In his starkest warning yet to Americans in Ukraine to get out now, President Joe Biden said he would not send troops to rescue US citizens in the event of a Russian assault.

“Things could go crazy quickly,” Biden told NBC News.

Blinken, visiting Australia, told a news conference: “We’re in a window when an invasion could begin at any time, and to be clear, that includes during the Olympics.”

The Beijing games end on February 20.

“Simply put, we continue to see very troubling signs of Russian escalation, including new forces arriving at the Ukrainian border,” Blinken said.

Russia has already massed more than 100,000 troops near Ukraine, and this week it launched joint military exercises in neighbouring Belarus and naval drills in the Black Sea.

Moscow denies plans to invade Ukraine, but says it could take unspecified “military-technical” action unless a series of demands are met, including promises from Nato never to admit Ukraine and to withdraw forces from eastern Europe.

The West has said those main demands are non-starters. The EU and Nato alliance delivered joint responses this week, saying their member states had agreed to speak as one. Russia's Foreign Ministry said on Friday it had demanded an individual answer from each country, and called the collective response insulting.
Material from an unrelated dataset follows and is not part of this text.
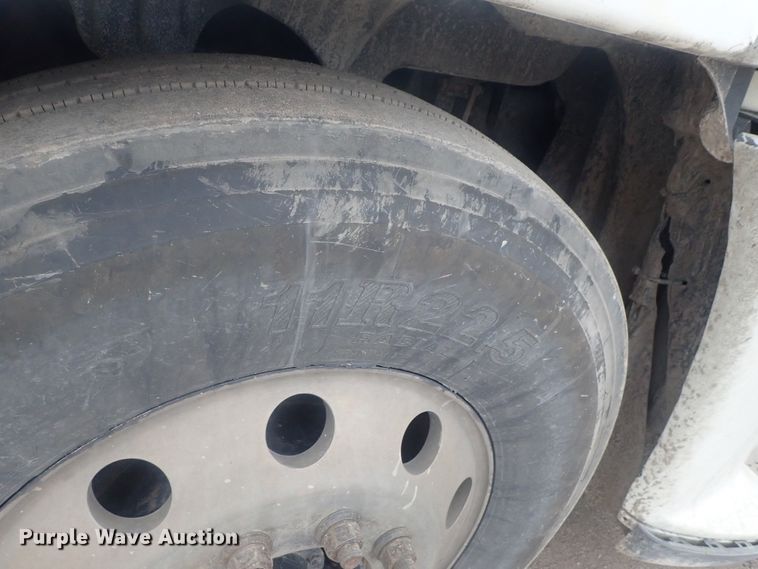 image for item DI7493 2009 Freightliner Cascadia  semi truck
“Such a step cannot be seen as anything other than a sign of diplomatic impoliteness and disrespect for our request,” the ministry said.

Several western countries launched diplomatic pushes this week to persuade Russia to back down, but Moscow brushed them off, yielding no concessions to French President Emmanuel Macron who visited on Monday and openly mocking British foreign secretary Liz Truss who came on Thursday.

Four-way talks in Berlin between Russia, Ukraine, Germany and France, part of a longstanding peace process in a conflict between Ukraine and Russian-backed separatists, also yielded no progress.